Avec ses homologues suisse et américaine, la FTA a imposé mercredi des amendes d'un montant total de plus de 4,3 milliards de dollars (3,4 milliards d'euros) à six banques, dont deux britanniques, HSBC et RBS.

Ces amendes n'ont toutefois pas éteint les interrogations sur le déroulement de l'enquête de la FTA ni sur le montant des pénalités susceptible de modifier effectivement la culture des intervenants sur les marchés financiers, jugés par une partie de l'opinion responsables de la crise de la fin des années 2000.
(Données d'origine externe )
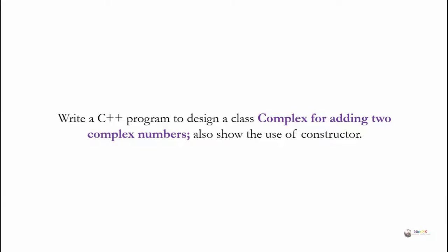Write a C++ program to design a class Complex for adding two complex numbers. Also show the use of constructor.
La commission du Trésor britannique (TSC), composée de parlementaires de tous bords, décidera la semaine prochaine d'organiser ou non des auditions sur cette affaire, a-t-on appris de sources politiques.
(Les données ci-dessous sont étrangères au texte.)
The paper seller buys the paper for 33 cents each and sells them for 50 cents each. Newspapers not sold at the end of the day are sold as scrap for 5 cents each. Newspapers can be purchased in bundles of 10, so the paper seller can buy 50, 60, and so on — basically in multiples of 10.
La TSC pourrait profiter de l'examen mercredi du rapport dirigé par la banque d'Angleterre sur les "marchés justes et efficaces" pour commencer à défricher le terrain en vue d'auditions futures sur le marché des changes.

Le président de la TSC, Andrew Tyrie, a déjà exprimé son indignation au sujet de ce scandale. Il juge que certaines banques ont atteint une telle taille qu'elles sont devenues incontrôlables par leurs propres dirigeants.

Il considère qu'il devrait être possible de différer sur de longues périodes le versement des revenus des traders en position de nuire à leurs employeurs, aux clients ou aux marchés. A ses yeux, si de tels traders sont convaincus de malversation, il devrait être possible de leur retirer définitivement leur licence.

D'autres membres de la TSC réclament que les amendes soient prélevées sur les primes et non sur les bénéfices et que des têtes tombent.

"Si j'étais le ministre chargé du secteur bancaire, je voudrais qu'on me dise qui va démissionner", a dit John Mann, de la TSC. "Des têtes devraient tomber au sommet." (Bertrand Boucey pour le service français, édité par Patrick Vignal)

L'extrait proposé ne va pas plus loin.